A resume plays a key role in your UX job search, acting as an introduction to potential employers.
Your UX design resume works alongside your design portfolio to ensure that you stand out from other job applicants in the initial review process.
But therein lies the challenge: your resume might be reviewed by a hiring manager in a matter of seconds, rather than minutes, and will be looked at alongside dozens or even hundreds of other resumes.
What Hiring Managers Look for in a UX Designer's Resume
Standard resume optimization protocol suggests that you tailor your resume to align with the job requirements for each position that you apply for.
This can help ensure that your resume has the appropriate keywords and relevancy to be shortlisted, whether a live human or an algorithm is the one in charge of reviewing applications.
But there’s far more to think about than just “keywords”, particularly when your resume lands in the hands of the design lead at the company.
Design lead Stephanie Poce shares some insight into the key areas that she looks at when reviewing resumes for a UX position:
“In a UX design resume, I look for explanations of how a designer's work influenced user goals and contributed to overall objectives—whether at the company, project, or product level. I want to understand the people/teams a designer has collaborated with and the problems they've tackled.”
What to Include In a UX Designer Resume
The information in your resume should be clearly and carefully structured.
Common sections that you can use as a starting point include:
- Contact information (you can use a professional email address and portfolio website link)
- Work experience
- Awards and achievements
Let’s take a look at some of these sections in-depth:
1. Craft a Compelling Summary/Objective
Think of your summary or objective as your personal elevator pitch. In a few short sentences, communicate your passion for UX design, your key skills, and what you hope to achieve in your career. Keep it concise yet impactful, leaving a strong first impression on the reader.
2. Showcase Your Skills
Your skills section is a vital part of your resume. Alongside technical skills like wireframing tools and prototyping software, don't forget to include soft skills like collaboration, empathy, and problem-solving. This is your chance to highlight what makes you a well-rounded UX designer.
3. Highlight Your Experience
Even if you're new to the field, you likely have experiences that demonstrate your UX design potential. Whether it's internships, freelance work, or personal projects, use bullet points to outline your responsibilities, achievements, and contributions. Focus on how your actions made an impact.
4. Elevate Your Education
Your educational background holds significance, especially for newcomers. Include your degrees, certifications, and relevant courses. If you're transitioning from a related field, emphasize transferable skills and coursework that demonstrate your commitment to learning about UX design.
Optional Sections to Enhance Your Resume
Consider adding optional sections that complement your UX design narrative. These could include professional memberships, volunteer work, publications, or speaking engagements. These extras can help shape a more comprehensive view of your qualifications.
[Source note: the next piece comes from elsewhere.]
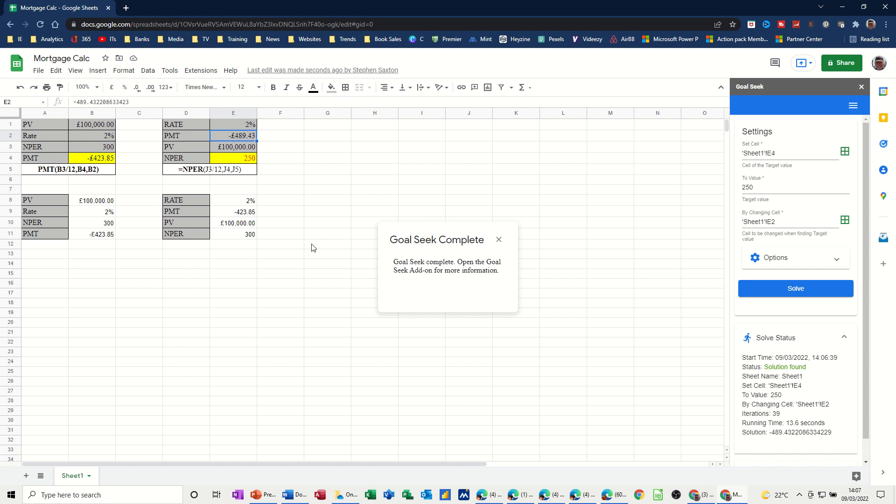So that's all I want to talk about on this little video. How you can create your own little mortgage calculator, or loan calculator, and change some of the parameters to see the impact. And then just lastly there, how you can use Goal Seek as an add-in to Google to get the benefit of that. So hopefully that was of use. Thank you for your time, and I'll see you in the next one.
Basic Rules for Good UX Resume Content
Rule #1: Keep it brief
An important skill for UX designers is the power to analyze, simplify, and organize information—and your UX design resume itself is an opportunity to show off these skills, above all by keeping things brief!
A concise document will also allow the hiring manager to quickly understand your work background and what skills you offer, making it easier for them to put your resume in the “call back” pile.
A good rule of thumb is to keep your resume to a single side of paper (so, a 1-page PDF). We’ll come back to some examples later in this piece!
Rule #2: Only include the most relevant information
Design resumes shouldn’t be comprehensive. Hiring managers don’t need to know the names of your childhood pet, or even, most of the time, your high school grades.
They’re looking for evidence that you have the skills and experience to do the job you’ve applied for; and that you are someone with curiosity and other interests beyond your day-to-day work.
At a more detailed level, ideally tailor the information you include in your resume to the specific role you’ve applied for. If the position is focused more on UI and visual design, emphasize areas of your education and previous work that demonstrate those skills.
Rule #3: Keep the styling professional
A well-designed resume is not just about content; it's also about visual appeal. Choose a clean and readable font, maintain consistent formatting, and make effective use of whitespace. A well-structured resume reflects your design aesthetics.
Rule #4: Show attention to detail
Nothing will ensure your resume ends up in the discard pile quicker than sloppy errors.
Get friends and colleagues to review your resume before sending it off. They’ll be a fresh pair of eyes on the document, and it’s more likely that they’ll pick up mistakes like typos, spelling errors, or inconsistent formatting.
Rule #5: Tailor your resume for each application
Each job application is unique, and includes a different focus. You can customize your resume for each role by aligning your skills and experiences with the job description. This tailored approach demonstrates your genuine interest and suitability for the position.